Mol Comfort disaster

A 316 meter long container ship broke in two after some hours of undulation in the Arabian Sea. The MOL Comfort was transporting the equivalent of 7,040 standard sized containers. The fate of the front and rear sections, and the number of containers that fell into the ocean, are uncertain. The Arabian Sea is one of the world’s busiest shipping routes; it connects the Indian Ocean and the Mediterranean Sea by the Suez Canal.

The MOL Comfort in the process of snapping in two on June 17, 2013
Photo IANS – Indo-Asian News Service

The MOL Comfort left Japan for Northern Europe. It was scheduled to make a port of call at Le Havre, France.

The splitting of this relatively new ship, that began operation in 2008, confirms the vulnerability of these sea giants and once again justifies experts’ concerns after disasters such as the MSC Flaminia in summer 2012 (1).

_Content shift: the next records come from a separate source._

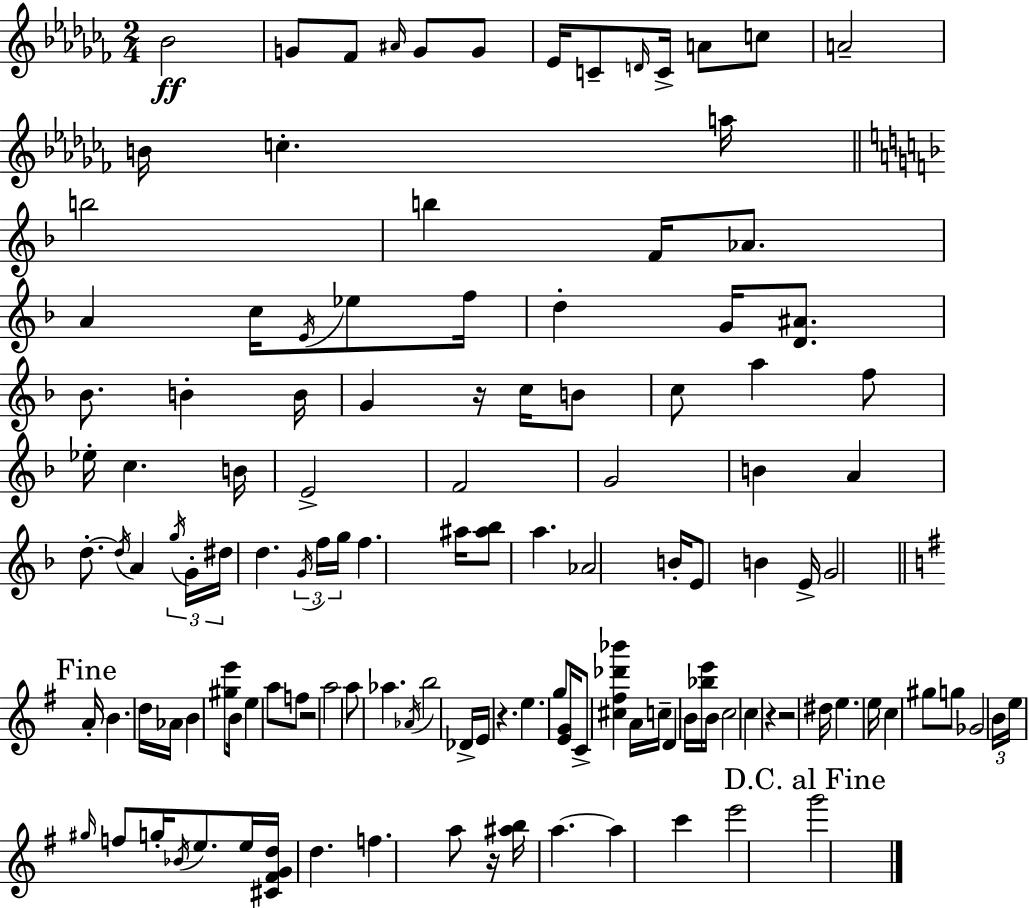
{
  \clef treble
  \numericTimeSignature
  \time 2/4
  \key aes \minor
  bes'2\ff | g'8 fes'8 \grace { ais'16 } g'8 g'8 | ees'16 c'8-- \grace { d'16 } c'16-> a'8 | c''8 a'2-- | \break b'16 c''4.-. | a''16 \bar "||" \break \key d \minor b''2 | b''4 f'16 aes'8. | a'4 c''16 \acciaccatura { e'16 } ees''8 | f''16 d''4-. g'16 <d' ais'>8. | \break bes'8. b'4-. | b'16 g'4 r16 c''16 b'8 | c''8 a''4 f''8 | ees''16-. c''4. | \break b'16 e'2-> | f'2 | g'2 | b'4 a'4 | \break d''8.-.~~ \acciaccatura { d''16 } a'4 | \tuplet 3/2 { \acciaccatura { g''16 } g'16-. dis''16 } d''4. | \tuplet 3/2 { \acciaccatura { g'16 } f''16 g''16 } f''4. | ais''16 <ais'' bes''>8 a''4. | \break aes'2 | b'16-. e'8 b'4 | e'16-> g'2 | \mark "Fine" \bar "||" \break \key g \major a'16-. b'4. d''16 | aes'16 b'4 <gis'' e'''>8 b'16 | e''4 a''8 f''8 | r2 | \break a''2 | a''8 aes''4. | \acciaccatura { aes'16 } b''2 | des'16-> e'16 r4. | \break e''4. g''8 | <e' g'>16 c'8-> <cis'' fis'' des''' bes'''>4 | a'16 c''16-- d'4 b'16 <bes'' e'''>16 | b'16 c''2 | \break c''4 r4 | r2 | dis''16 e''4. | e''16 c''4 gis''8 g''8 | \break ges'2 | \tuplet 3/2 { b'16 e''16 \grace { gis''16 } } f''8 g''16-. \acciaccatura { bes'16 } | e''8. e''16 <cis' fis' g' d''>16 d''4. | f''4. | \break a''8 r16 <ais'' b''>16 a''4.~~ | a''4 c'''4 | e'''2 | \mark "D.C. al Fine" g'''2 | \break \bar "|."
}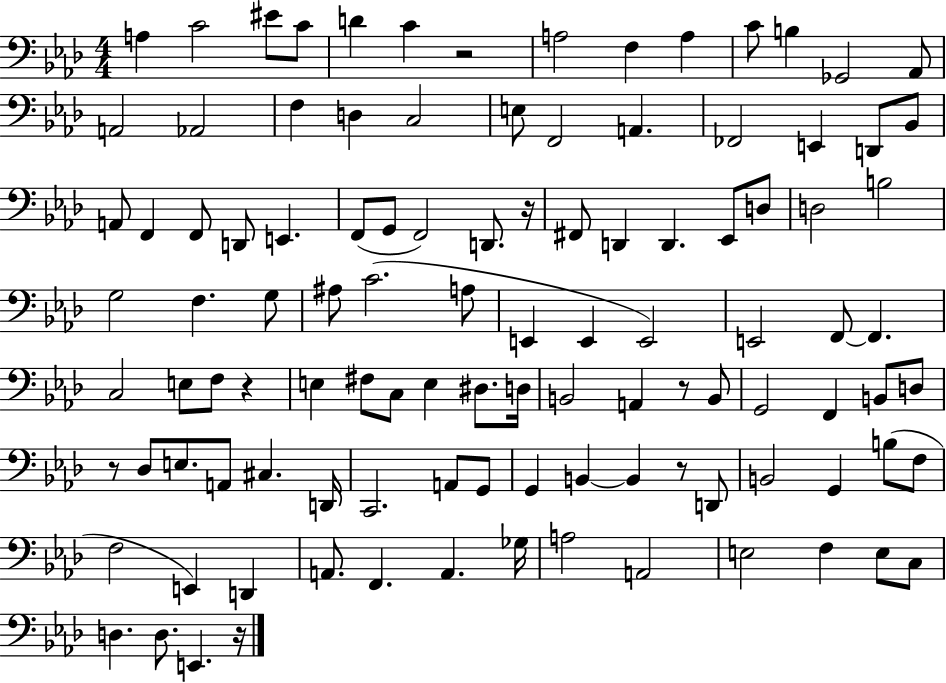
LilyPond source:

{
  \clef bass
  \numericTimeSignature
  \time 4/4
  \key aes \major
  a4 c'2 eis'8 c'8 | d'4 c'4 r2 | a2 f4 a4 | c'8 b4 ges,2 aes,8 | \break a,2 aes,2 | f4 d4 c2 | e8 f,2 a,4. | fes,2 e,4 d,8 bes,8 | \break a,8 f,4 f,8 d,8 e,4. | f,8( g,8 f,2) d,8. r16 | fis,8 d,4 d,4. ees,8 d8 | d2 b2 | \break g2 f4. g8 | ais8 c'2.( a8 | e,4 e,4 e,2) | e,2 f,8~~ f,4. | \break c2 e8 f8 r4 | e4 fis8 c8 e4 dis8. d16 | b,2 a,4 r8 b,8 | g,2 f,4 b,8 d8 | \break r8 des8 e8. a,8 cis4. d,16 | c,2. a,8 g,8 | g,4 b,4~~ b,4 r8 d,8 | b,2 g,4 b8( f8 | \break f2 e,4) d,4 | a,8. f,4. a,4. ges16 | a2 a,2 | e2 f4 e8 c8 | \break d4. d8. e,4. r16 | \bar "|."
}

The MOL Comfort has five sister-ships, the MOL Celebration, the MOL Creation, the MOL Charisma, the MOL Competence, and the MOL Courage. All six were constructed by Mitsubishi in Japan and have the capacity to transport 8,000 containers. There are 600 container ships with a similar or superior capacity in operation across the globe. In 2015, around thirty ships will be able to carry 18,000 containers.

As ships become bigger, ship-owners, especially the loaders, win, while safety and the environment lose.

The splitting of the MOL Comfort released containers that could contain hazardous and plastic materials to drift at sea, potentially polluting and creating a disaster for biodiversity, the fishermen of Yémen, Oman, Iran, Pakistan, and India. The containers and their contents could drift over hundreds or thousands of kilometers. The Arabian Sea is abundant with tuna, sardines, sharks, and crustaceans; even sperm whales are in this zone, and in summer months there is a peak of biological productivity. Container ships as large as the MOL Comfort contain 9,000 tonnes of fuel oil in their tanks; it’s what keeps them going. There is a risk of fire and an oil spill after the fracture.

The crew was evacuated after the rupture. If one or both parts of the MOL Comfort are towable, it will be interesting to see how long it will stay adrift and to see which country will accept to be a refuge port.

The disaster seems far away, but it is nearby. It could occur tomorrow off the coast of Marseille, the coast of Brittany, or in the North Sea. What means will be put in place and what will be the European and international cooperation to reduce the consequences of supersized global commerce?